— Records to use —
BEGIN
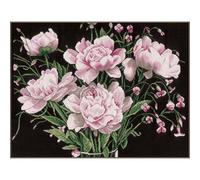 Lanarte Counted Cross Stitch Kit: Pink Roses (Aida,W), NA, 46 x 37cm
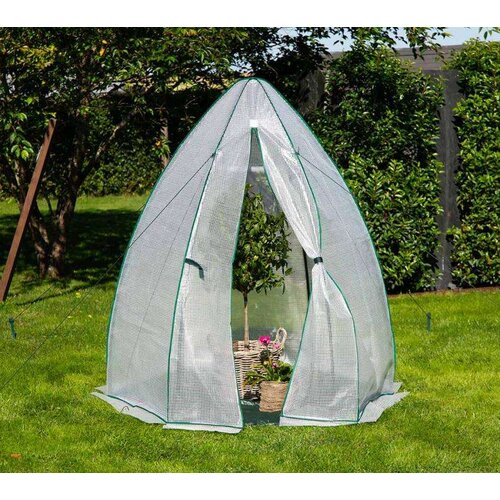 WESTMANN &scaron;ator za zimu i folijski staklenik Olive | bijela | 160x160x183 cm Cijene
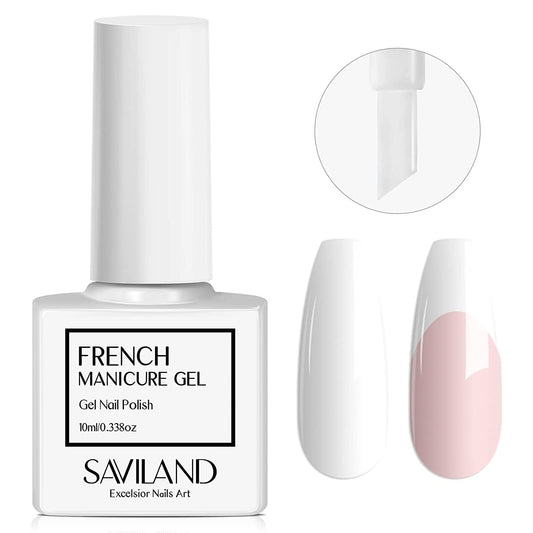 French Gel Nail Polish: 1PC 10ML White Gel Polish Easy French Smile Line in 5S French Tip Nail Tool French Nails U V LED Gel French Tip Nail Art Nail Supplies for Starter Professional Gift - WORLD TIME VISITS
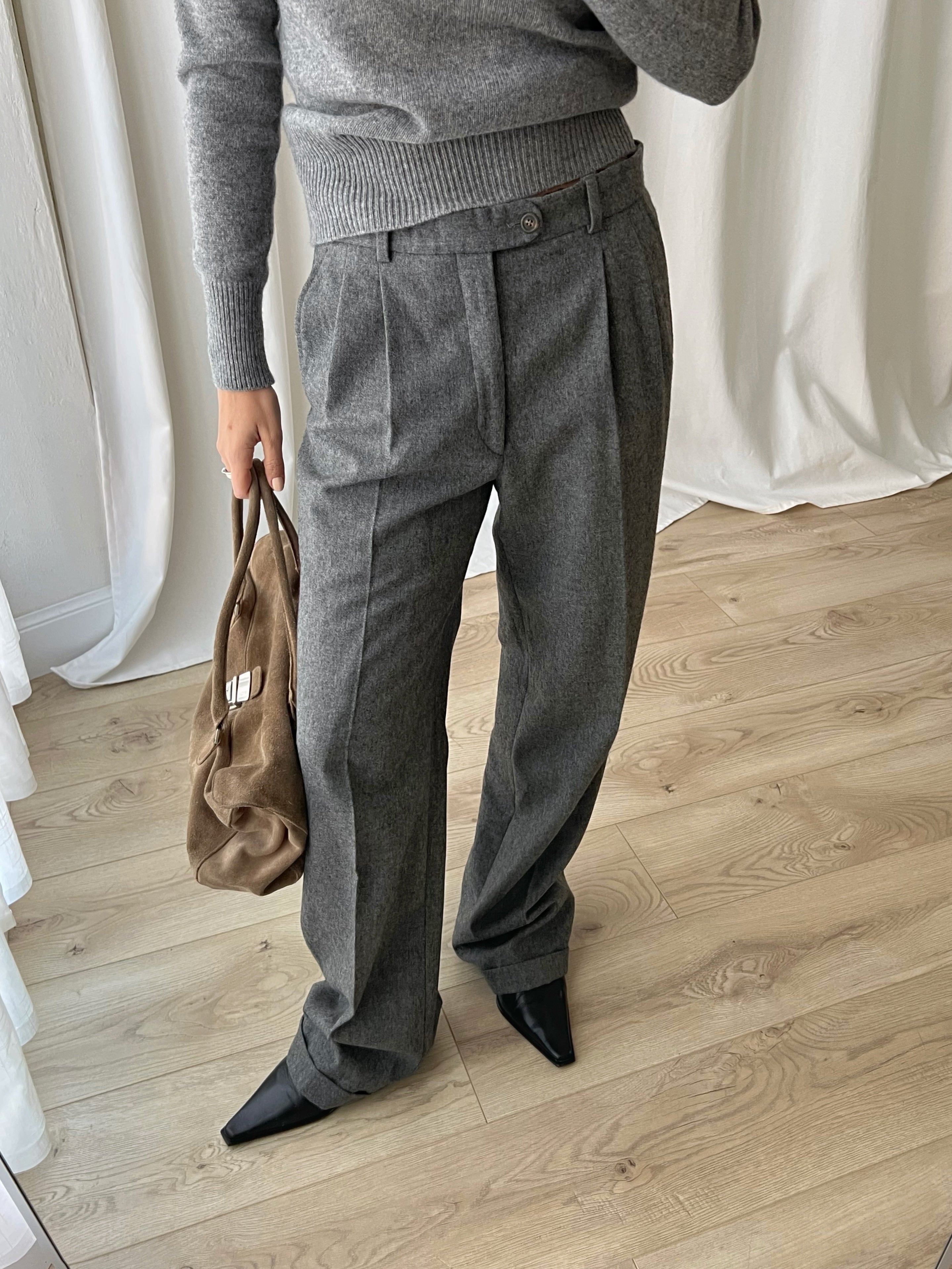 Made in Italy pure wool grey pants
END
BEGIN
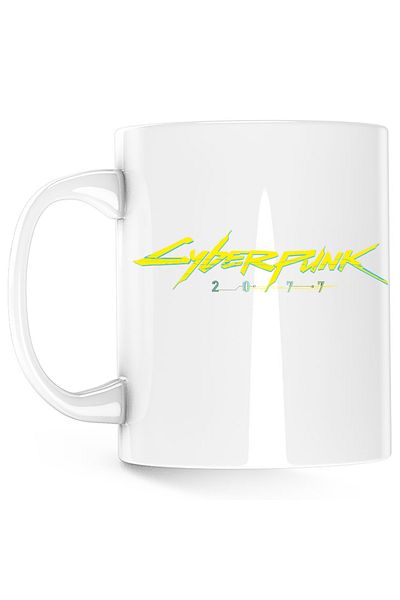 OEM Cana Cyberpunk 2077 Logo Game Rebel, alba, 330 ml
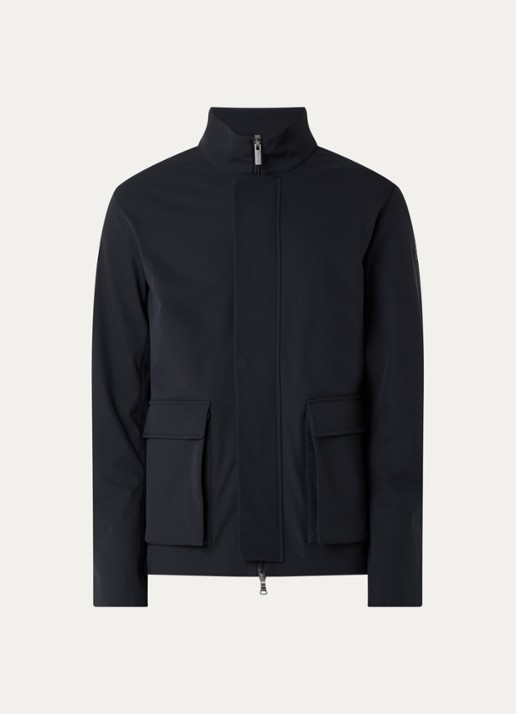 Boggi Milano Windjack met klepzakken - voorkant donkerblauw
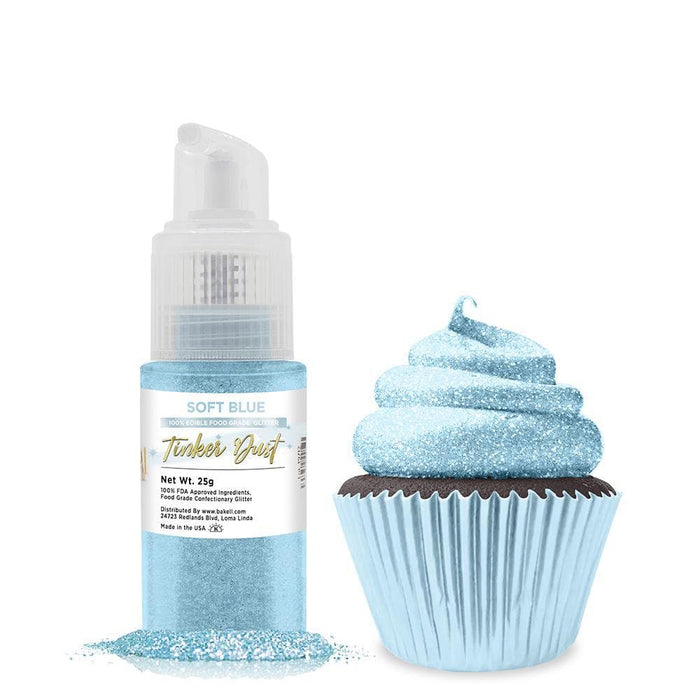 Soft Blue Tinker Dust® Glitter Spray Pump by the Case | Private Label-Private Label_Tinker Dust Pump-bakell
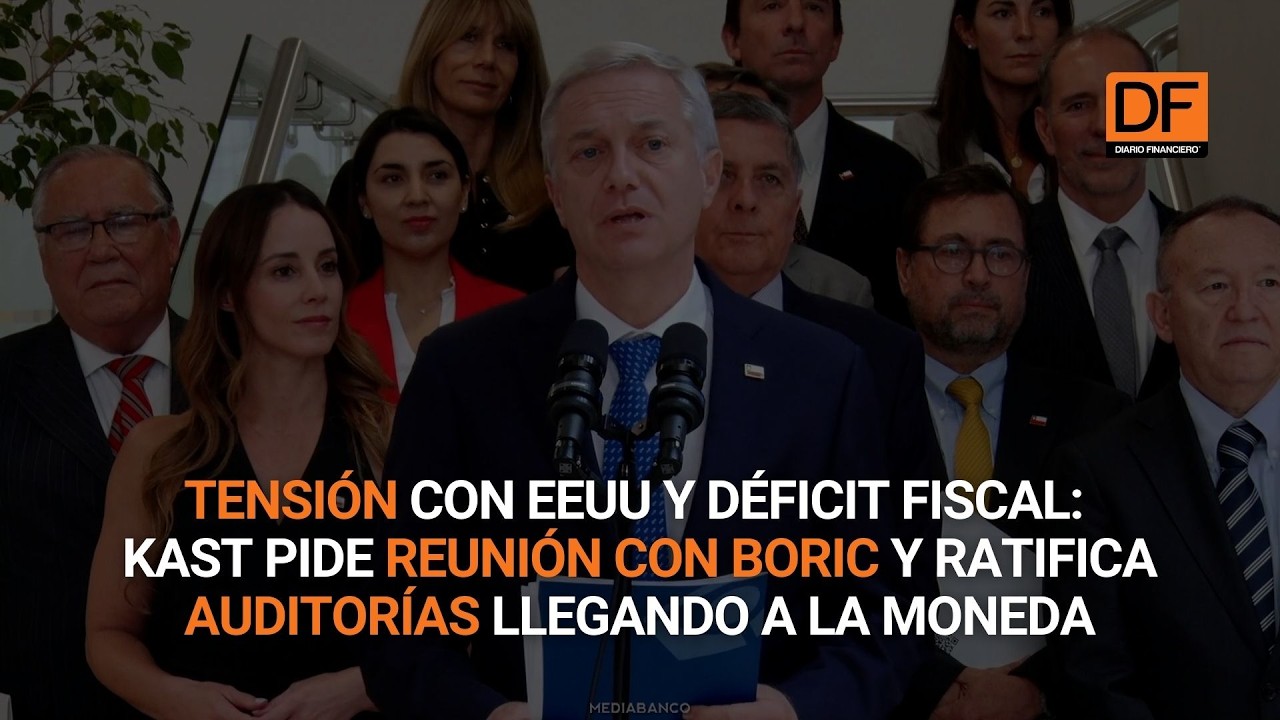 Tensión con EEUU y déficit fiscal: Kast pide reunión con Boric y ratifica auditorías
END
BEGIN
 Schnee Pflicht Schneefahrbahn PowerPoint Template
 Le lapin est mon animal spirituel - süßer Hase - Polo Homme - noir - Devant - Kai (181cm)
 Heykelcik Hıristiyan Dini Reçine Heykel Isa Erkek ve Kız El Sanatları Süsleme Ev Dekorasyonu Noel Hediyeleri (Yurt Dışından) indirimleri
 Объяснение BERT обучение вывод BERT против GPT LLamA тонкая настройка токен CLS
END
— Problem to solve —
Out of the data above, transcribe exactly and only the lines starting with the line that has "Le lapin est" and going on through the line that has "Объяснение BERT обучение", both included.

— Solution to this task —
 Le lapin est mon animal spirituel - süßer Hase - Polo Homme - noir - Devant - Kai (181cm)
 Heykelcik Hıristiyan Dini Reçine Heykel Isa Erkek ve Kız El Sanatları Süsleme Ev Dekorasyonu Noel Hediyeleri (Yurt Dışından) indirimleri
 Объяснение BERT обучение вывод BERT против GPT LLamA тонкая настройка токен CLS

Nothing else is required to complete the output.